Autumn Durald Arkapaw made Variety’s 10 Cinematographers to Watch list in 2014, and she just landed her first Emmy nomination for lensing for a single-camera series for Disney+’s “Loki.”

“Loki,” which earned six noms, was her first foray into the comic book realm. She met with director Kate Herron and the two immediately hit it off. The bonus was that she already was a fan of Tom Hiddleston’s leading character. “If I was watching anything Marvel, he stands out. So, I already had a love for his character,” she says.

The series throws the God of Mischief into a world inspired by “Blade Runner 2049,” “Brazil” and even “Seven.”

For the climactic ending of the third episode, “Lamentis,” production designer Kasra Farahani built the city of Shuroo. Loki and Sylvie (Sophia Di Martino) race through the streets as they search for a getaway spaceship. As the frantic chase played out, Arkapaw captured the characters with a single tracking shot.

She says the sequence was one of the first she and Herron had talked about, and their plan evolved as they got closer to shooting. The key to its success was the time the team had to work on the scene in previz, discussing concepts, influences and doing test shots before bringing the actors in.

“Both ‘John Wick’ and ‘Children of Men’ were influences for that sequence,” says Arkapaw.

“At one point we wanted a motorcycle in there, that they would get on and jump off after, but that made it complex. We wanted it to feel humanistic.”

Arkapaw used a Steadicam to pull off the one-shot, which was several cuts but seamlessly woven together.
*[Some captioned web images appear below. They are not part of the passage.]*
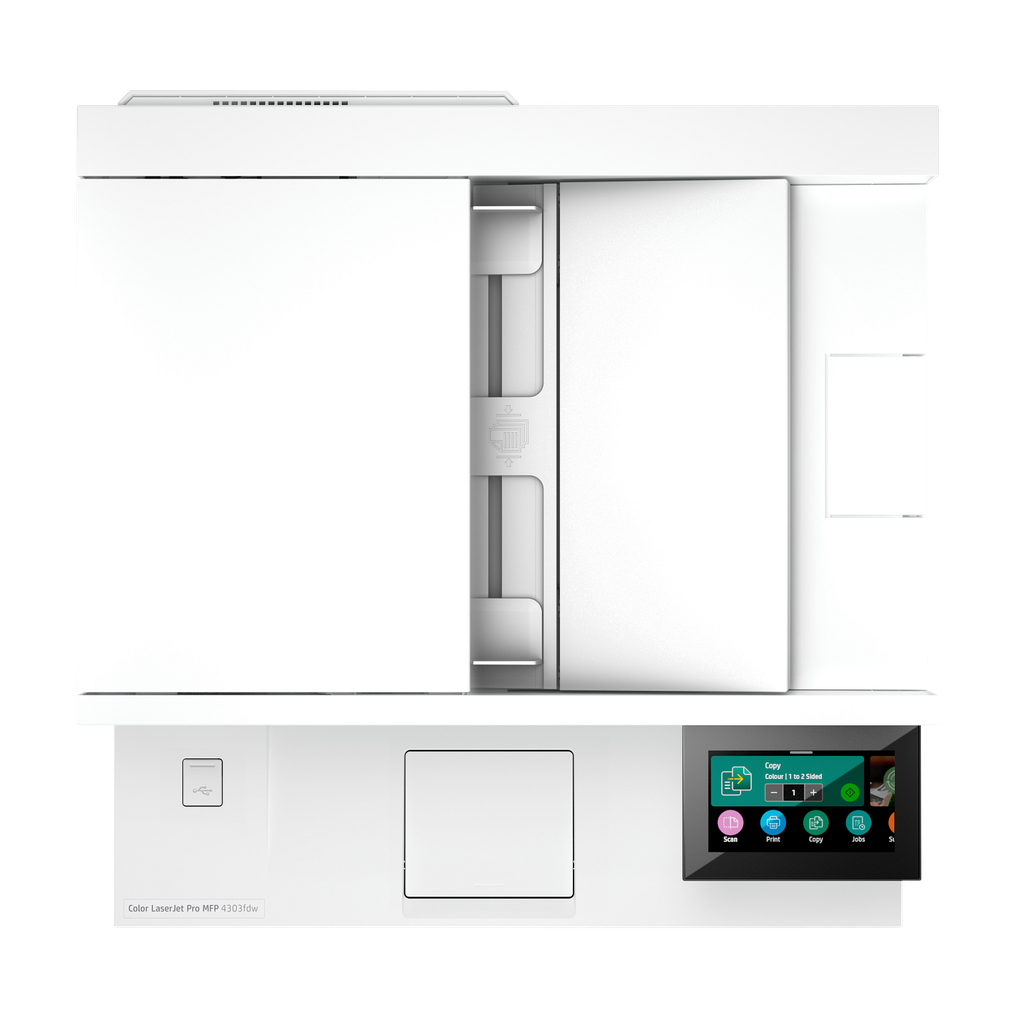 HP Color LaserJet Pro MFP 4303fdw Printer 5HH67A — 4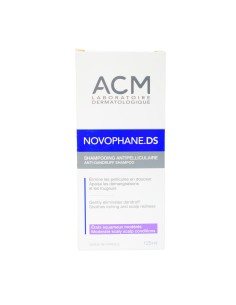 Novophane DS Anti-Schuppen-Shampoo 125ml 2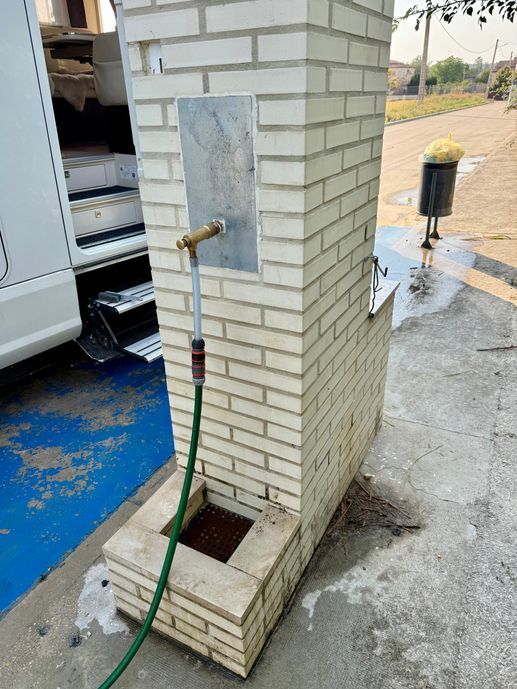 Aggiunta una foto a una posizione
It was Farahani who had the idea of painting each street block a different UV color. “When you turned the corner, you felt like you got a different emotional response to the color. I had never worked with UV paint,” says Arkapaw.

The idea was that the lighting needed to feel emotional. Farahani incorporated hundreds of lights into the sets that could be programmed. “We did a pre-light the week before shooting and dialed in all the colors to see what looked good on camera.”

The framing was just as important. At first, the cinematographer tested the camera lens without the actors. Panavision anamorphic was her lens of choice — the company expanded t-series anamorphic lenses for her and she explored 35mm and 40mm lens options. “We needed to fit two characters into the frame, but we also needed to see the world, but you don’t want to be too wide that you can’t come in close on someone’s face,” says Akapaw. “You don’t want too long of a lens because you don’t want the background to be compressed.”

In the end, she found a sweet spot between the two and working with Herron, VFX, Farahani, everything came together to pull off the sequence seamlessly. Up next, Akapaw delves deeper into the world of Marvel. She is cinematopgrapher on “Black Panther: Wakanda Forever,” which is due out later this year.